Generic drug maker Stada faces turbulent times after a boardroom coup led by an activist investor ousted the supervisory board chairman, Martin Abend. Investor Active Ownership Capital managed to boot four other board members too but didn’t get to name their replacements, ensuring more infighting. That’s kind of like having your cake and not getting to eat it too.
Several times a week, representatives from Google like to visit the office of E.U. Digital Commissioner Günther Oettinger in Brussels. The Silicon valley lobbyists want the European Commission to abandon its plan to give authors and artists exclusive rights to their digital content for 20 years, Handelsblatt has learned. Such a move could cost Google billions. But taking on Google, a virtual monopoly in Europe, is like taking on the post office, Deutsche Bahn or the airlines. Soon, a search for European art or literature could yield zero results.
Chancellor Angela Merkel’s support is dwindling, and she may accelerate plans to seek a fourth term, according to daily Bild. Her likely challenger, Social Democrat Sigmar Gabriel, is already on the warpath, accusing Merkel of miscalculating on the refugee issue in a weekend interview. Merkel, who may make her campaign official in December, didn’t take Gabriel’s bait. One reason may be the SPD’s own miserable standing, at just 22 percent of the German public voters. Why fire at a sinking ship?
Gabriel may be on a roll, but we don’t know where it will end. On Sunday, he pronounced free trade talks between Europe and the U.S. – which Merkel still backs – as “de facto’’ dead. He originally supported the trade deal, but has flip-flopped amid growing opposition in Germany. Given his track record, however, his position, like the trade deal he ostensibly now opposes, could suddenly come back to life.

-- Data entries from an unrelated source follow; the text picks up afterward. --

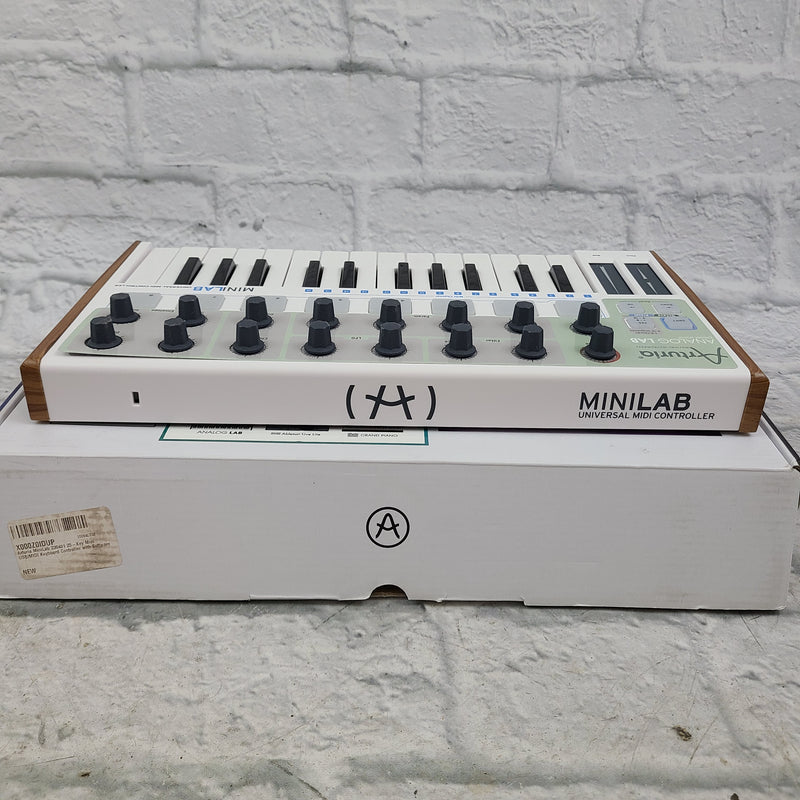 Arturia Minilab Universal Midi Controller Controller - Evolution Music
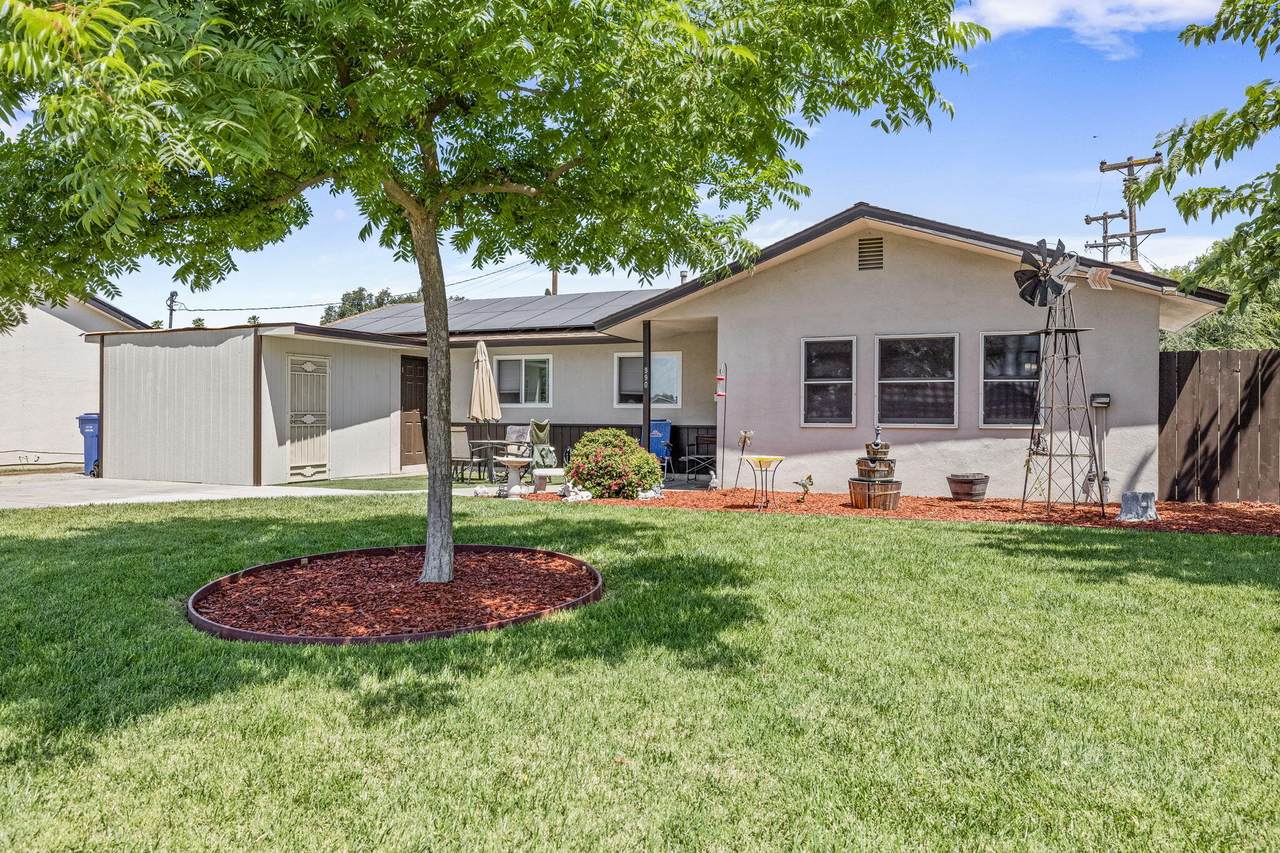 990 Linda Lane - Photo 1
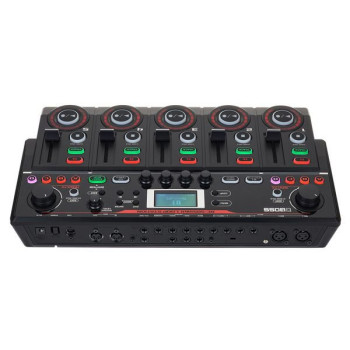 BOSS RC-505MK2 tabletop looper avec 5 tracks and mic inputs. ideal pour beatboxers / multi instrumentalists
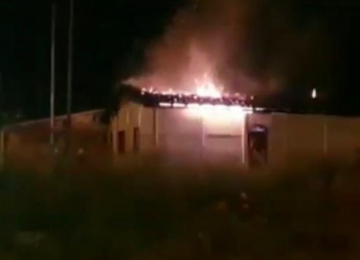Residência de idoso internado em hospital incendeia por causa desconhecida em Rio Verde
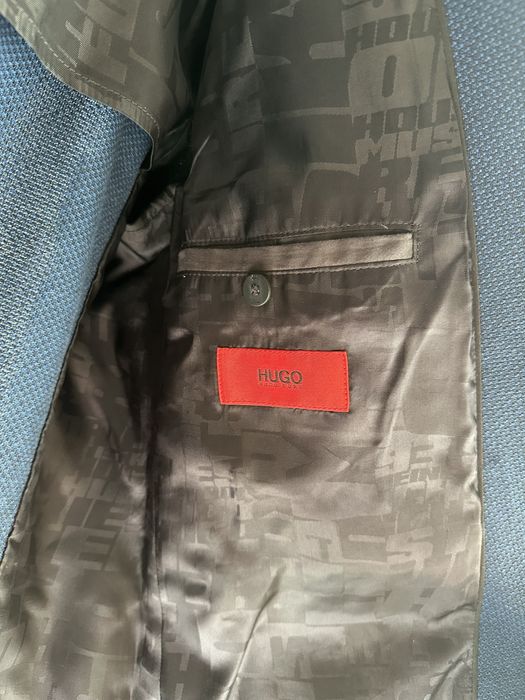 Продам пиджак Hugo Boss Оригинал!
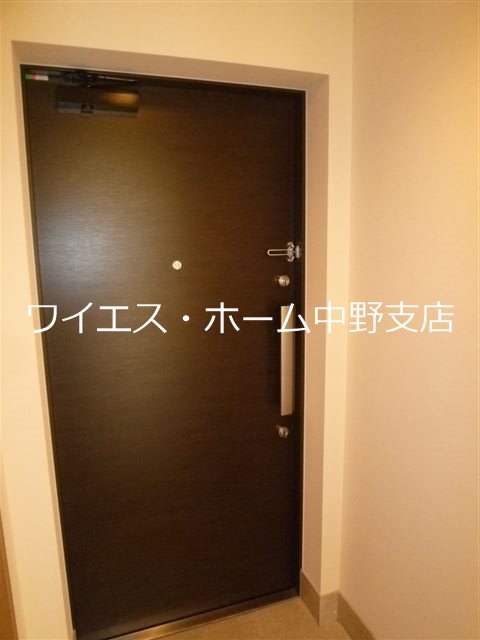 パークハウス東中野リヴゴーシュ 玄関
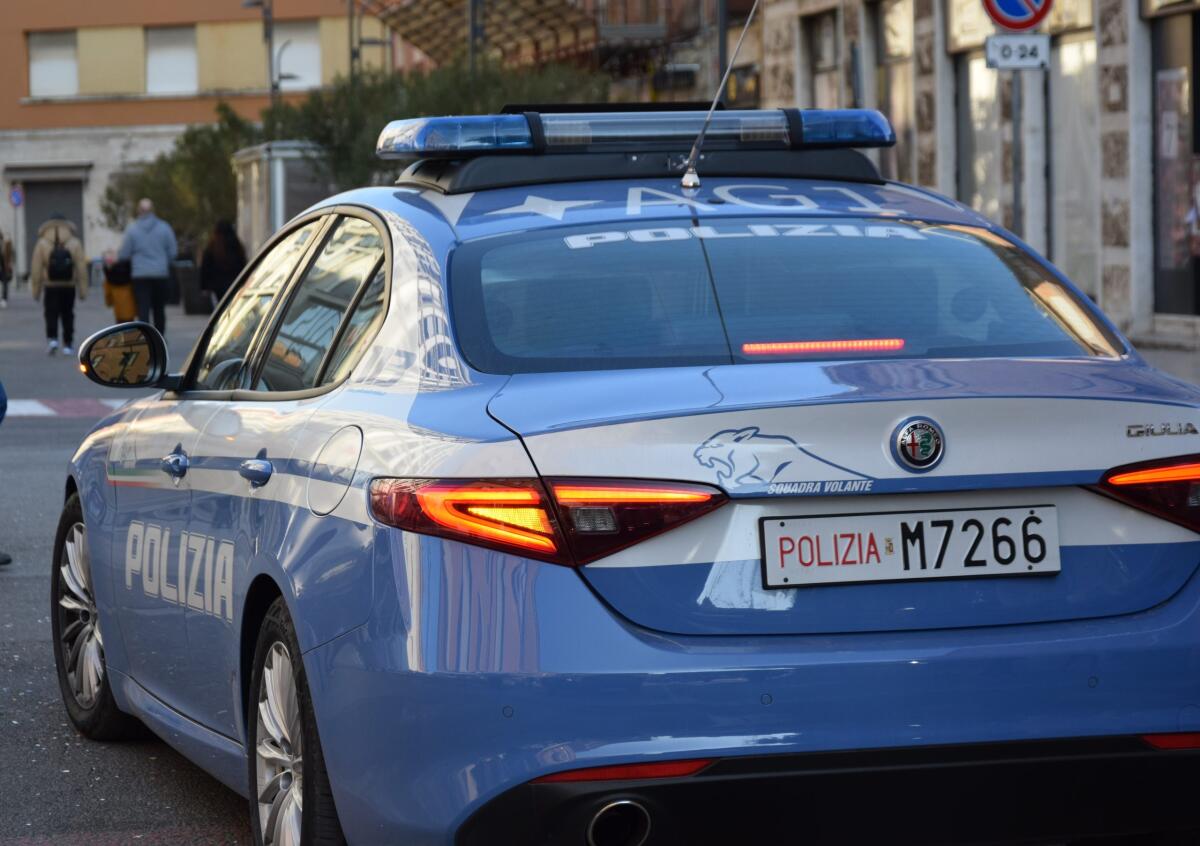 Si dilegua alla vista della polizia, inseguito e fermato: era in sella ad una moto senza patente e assicurazione - 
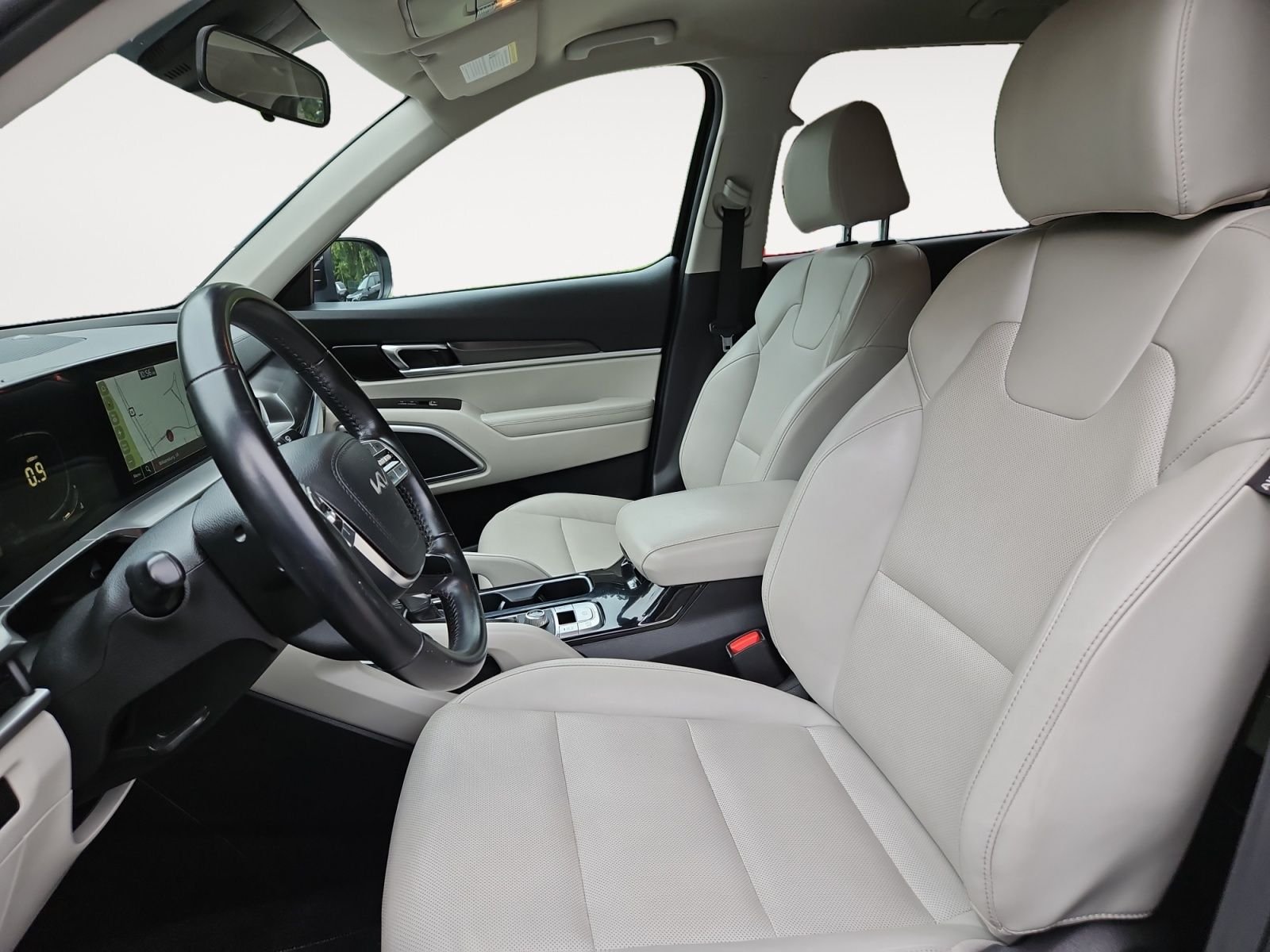 Used 2023 Black Kia S image 9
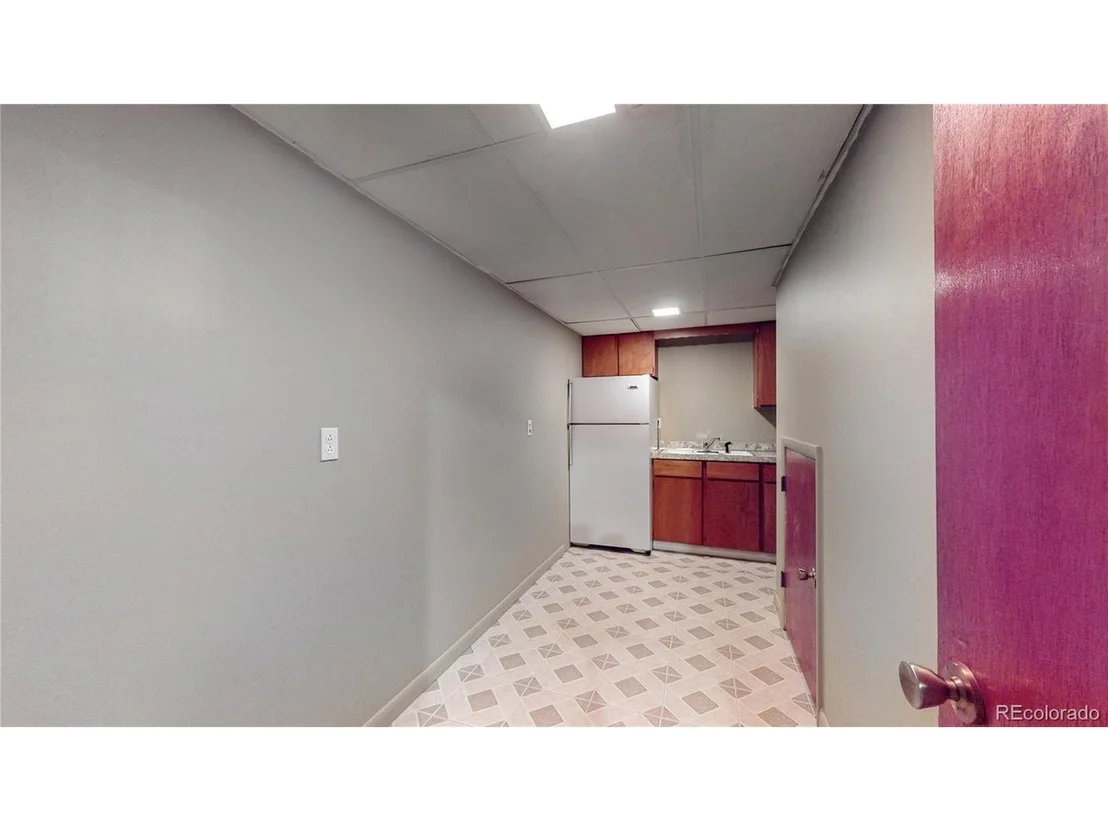 Photo of 4469 Dover St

Shareholders at Hapag-Lloyd approved the shipping firm’s merger with the United Arab Shipping Company, hoping the tie-up will help tow it out of the Bermuda Triangle of debt. But some stakeholders pointed out United Arab’s $201 million loss this year. That could be like grasping at a lifeline made out of cement.
The only thing running on time at Europe’s largest railway operator is its strike schedule. Unions are digging in ahead of the next round of pay talks at Deutsche Bahn, demanding a 4 percent raise. If CEO Rüdiger Grube, already bruised from a €1.3 billion loss last year and nationwide scorn over late trains, can’t find a way off the collision course, the next point of heated debate will be over his own contract.